12.If at any time within one year after the date of this Agreement, the Company determines in the exercise of its reasonable discretion either that (i) during Employee’s period of employment, Employee engaged in an act or omission that would have warranted termination of Employee’s employment for Cause or (ii) after termination of Employee’s employment, Employee engaged in conduct that violated any continuing obligation or duty in respect of the Company (including any breach of any restrictive covenant under this Agreement or any other agreement between Employee and the Company), then, subject to applicable law, upon notice from the Company, Employee shall repay to the Company any payments made pursuant to this Agreement. “Cause” means Employee’s (i) neglect, refusal or failure (other than by reason of illness, accident or other physical or mental incapacity), in any material respect, to attend to duties as assigned by the Company; (ii) failure in any material respect to comply with any terms of employment as expressed in an offer or employment letter, communication from management generally or specifically to said employee or otherwise; (iii) failure to successfully complete a performance improvement plan; (iv) failure to follow the established, reasonable and material policies, standards, and regulations of the Company or direction from the Board; (v) fraud, misappropriation of funds or other willful engagement in misconduct injurious to the Company; or (vi) conviction in a court of law of, or pleading of guilty or nolo contendere to, any crime that constitutes a felony in the jurisdiction involved.

13.Employee represents and warrants that Employee has not suffered any work-related injuries or illnesses within the twelve months preceding the ending of Employee’s employment for which Employee has not received full and final compensation.

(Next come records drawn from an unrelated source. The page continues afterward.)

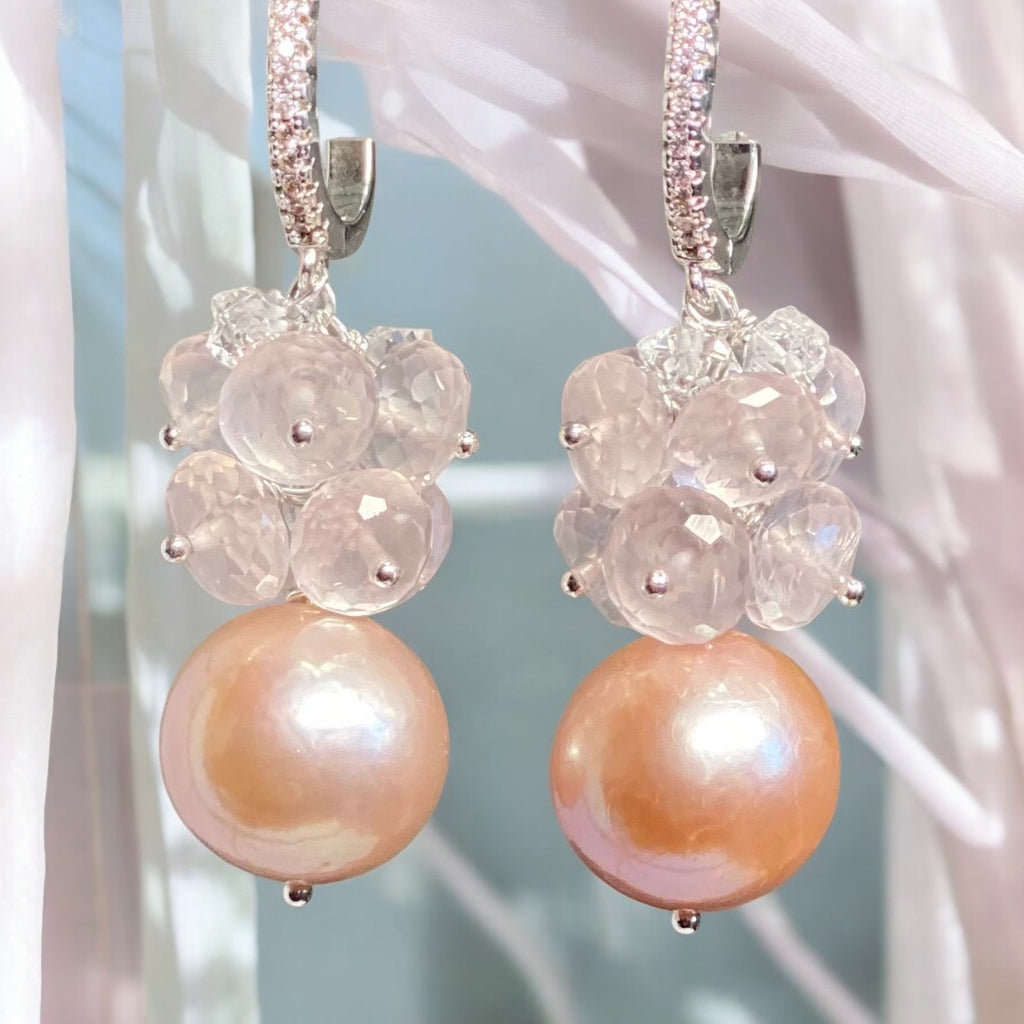 Round Pink Pearl Earrings with Rose Quartz Clusters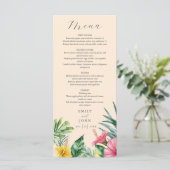 Perzik Elegante Waterverf Tropische Bloemen Weddin Menu (Staand voorkant)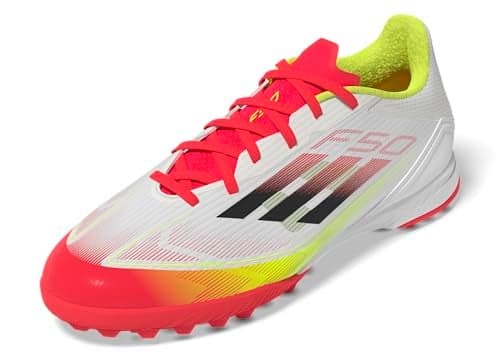 adidas Unisex F50 League Turf Sneaker, White/Black/Solar Yellow, 4 US Men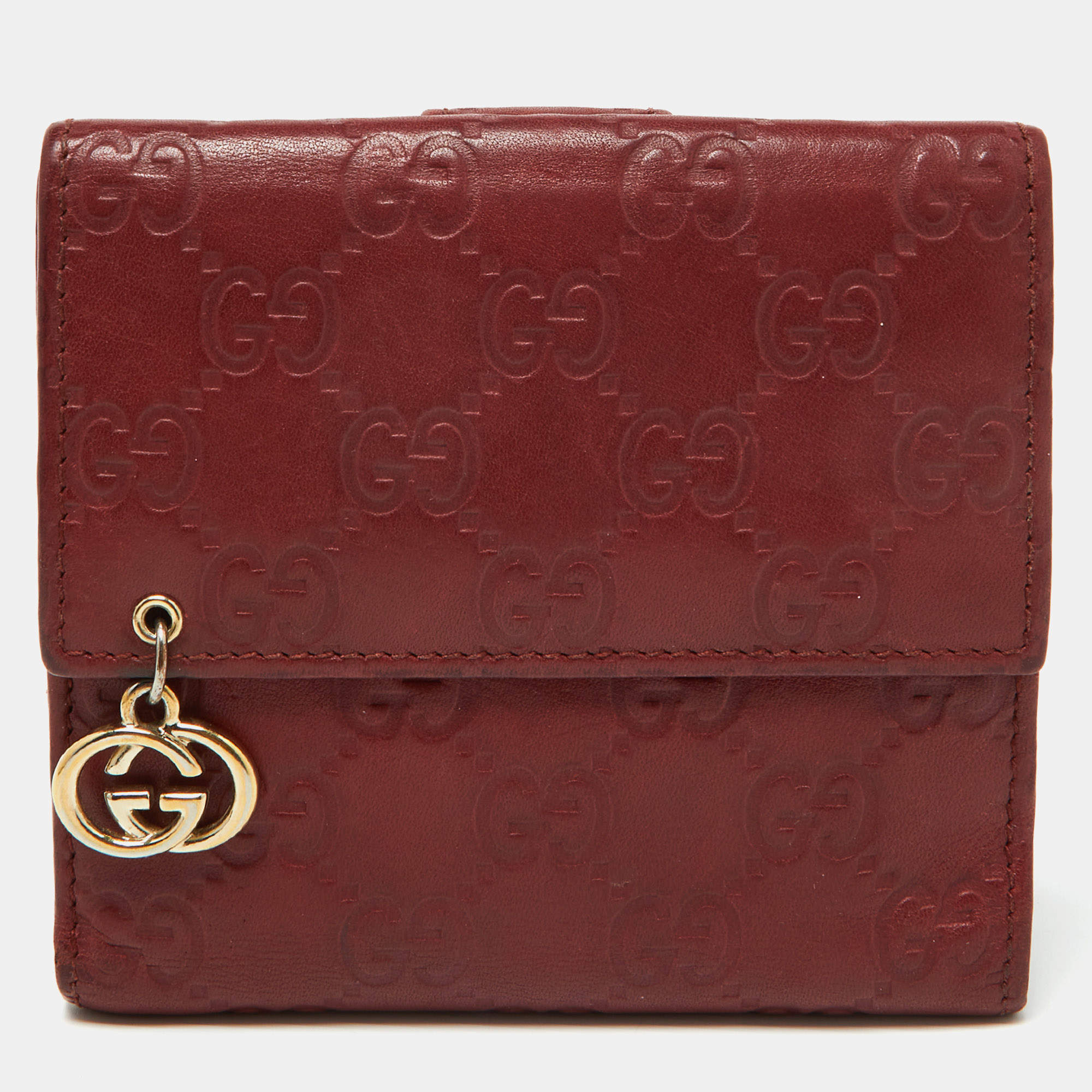 Gucci Brown Guccissima Leather Trifold Wallet  
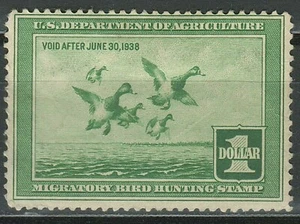 USA 1937 Duck stamp $1 ☀ Light green #RW4 ☀ MH OG - Picture 1 of 2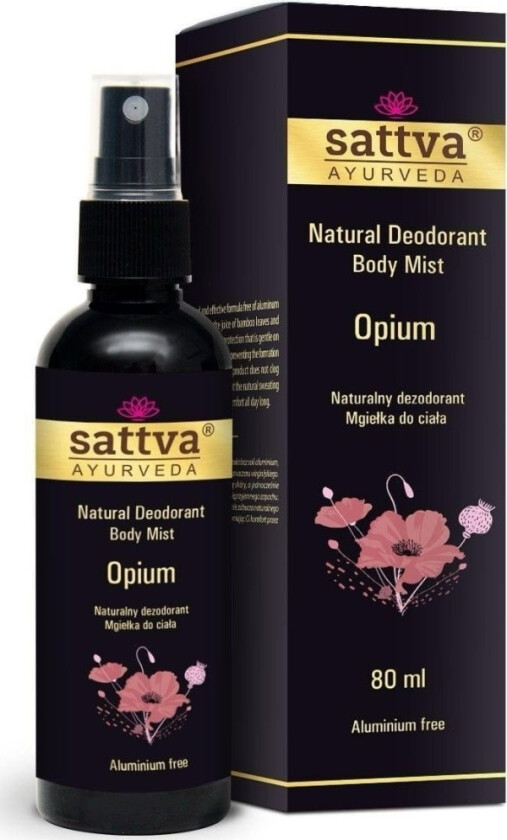 Sattva_Natural Deodorant Body Mist Natural Deodorant In Opium Almond 80Ml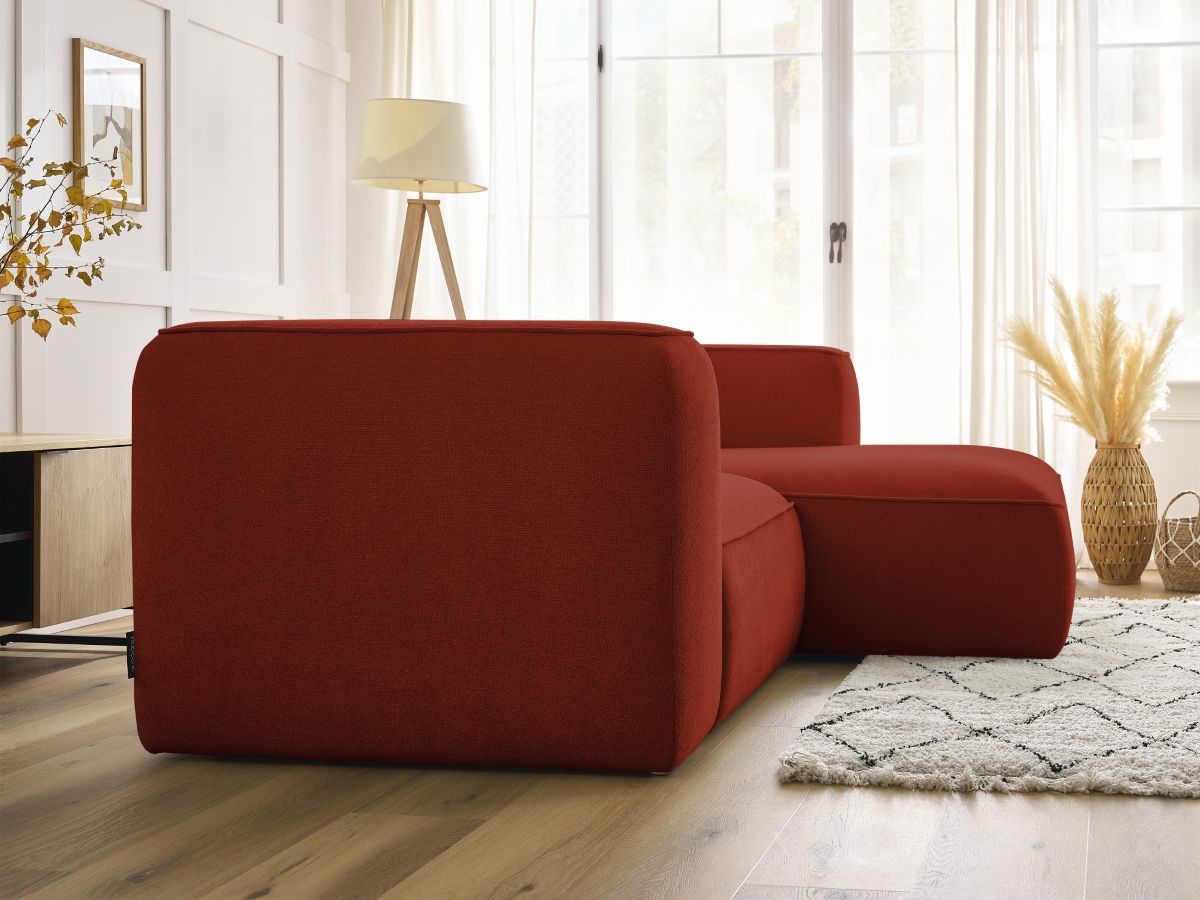 Bobochic Zephyr Ecksofa 260 × 165 cm Strukturstoff Orange Ecke rechts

14.Employee certifies that Employee is not a Medicare participant and has never received anything of value through, or because of, Medicare.  Employee certifies that employee is not 65 years of age or older, is not suffering from end stage renal failure, has not received Social Security benefits, has not applied for Social Security disability benefits, and/or has not been denied Social Security disability benefits.

15.As a material representation to induce Company to provide the consideration under this Agreement, Employee (a) guarantees that there are not any charges, petitions, complaints, grievances or claims pending by Employee or on Employee’s behalf against Company or any person or entity affiliated with Company, (b) represents that Employee has not assigned or conveyed any rights to the consideration under the Agreement to any third party, and (c) agrees that this Agreement is binding on all others who attempt to assert claims for or through Employee.

16.Employee agrees that for a period of six (6) months after the latest date set forth on the signature page hereto, neither Employee nor any of his or her agents will directly or indirectly engage, recruit, solicit for employment or engagement, offer employment to or hire, or otherwise seek to influence or alter any relationship with any person who is an employee of the Company or its affiliates, without the prior written consent of Company; provided, however, that this provision shall not apply to any current or former employee of Company who responds to a general advertisement not directed at Company employees.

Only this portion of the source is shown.